The outputs from this system are the students. If the system is a success, these students will be capable of performing many acts they could not perform before. These acts are described quite precisely by the content­performance objectives established at the beginning of the design. If these objectives are properly written, each one states what action or behavior the student must perform to demonstrate that he has learned about the ideal gas law. Therefore, each objective can be interpreted as an examination question or easily converted into such a question.

Using a series of questions derived from the content­performance objectives, one can write three types of examinations to measure the outputs from this system: a multiple­choice quiz, a set of closed problems, and a new design problem. Each of these examinations can be given in class or at the end of the audio­tutorial laboratory. All three should probably be used together to test for all the objectives of the course. The type of examination given in a course is extremely important, because, to a large extent, it determines the students' behavior patterns for the course. Students are aware of the fact that grades unlock doors, and they will learn whatever is necessary to get the grade they want. If the course grade is based on the memorization of the text, they will memorize the text. If the grade is based on the ability to apply analysis, synthesis, and evaluation to the solution of open­ended problems, they will try to acquire this ability.

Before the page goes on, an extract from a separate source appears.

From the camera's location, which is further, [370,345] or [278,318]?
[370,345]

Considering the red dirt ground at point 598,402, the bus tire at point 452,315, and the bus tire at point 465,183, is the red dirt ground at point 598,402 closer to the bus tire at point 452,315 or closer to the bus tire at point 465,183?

Since the primary objective of this course is to teach the student how to think for himself, a new design problem should be a significant part of the examination process.

Feedback

The students receive feedback on their performance in several ways. When they study the programmed instruction, they receive immediate feedback about what they know and do not know at each step. If the multiple­choice quiz is given in the classroom, it can be graded, returned, and discussed immediately. If the quiz is given in the laboratory, a student assistant can use a key to grade it as each student finishes his work. When a closed problem or a new design problem is used for the examination, it becomes more difficult to provide immediate feedback, but even in this event, early class discussion and comparisons of design solutions can and should take place.

Each student's performance on these examinations is important not only to him, but to the teacher, because this performance is a measure of the effectiveness of the design and operation of the educational system. The students' success is the system's success. It is at this point, armed with output data, that the teacher can intelligently begin to re­examine the system.

Management of the System

The system has now gone through its full cycle. Some parts of it have probably been quite successful; other parts have not. At this point, it is appropriate to examine each component in the design to see if it contributes effectively or if it can be improved. It might be wise to approach this evaluation and redesign with the attitude commonly used to develop programmed instruction: if the students fail to learn a concept, the primary suspect is the program, not the students. This attitude reflects the thought that learning is a natural human activity. Most students want to learn, have the required motivation and background to learn, and will learn if given the proper materials and processes. Therefore, if failure occurs, the first place to look is the system.

The design of an educational system is not a simple task. However, such a design is possible, practical, and desirable. The potential gains in student motivation, learning, and ability are well worth the effort required.


References

  1. Amidon, E. J. and Flanders, N. A., The Role of the Teacher in the Classroom, Amidon Minneapolis, Minn., 1963.
  2. Ausubel, D. P., The Psychology of Meaningful Verbal Learning, Grune and Stratton, New York 1963.
  3. Bloom, B., et al., Taxonomy of Educational Objectives: Cognitive Domain, McKay, New York, 1963.
  4. McKeachie, W. J., Teaching Tips, G. Wahr, Ann Arbor, Mich., 1968.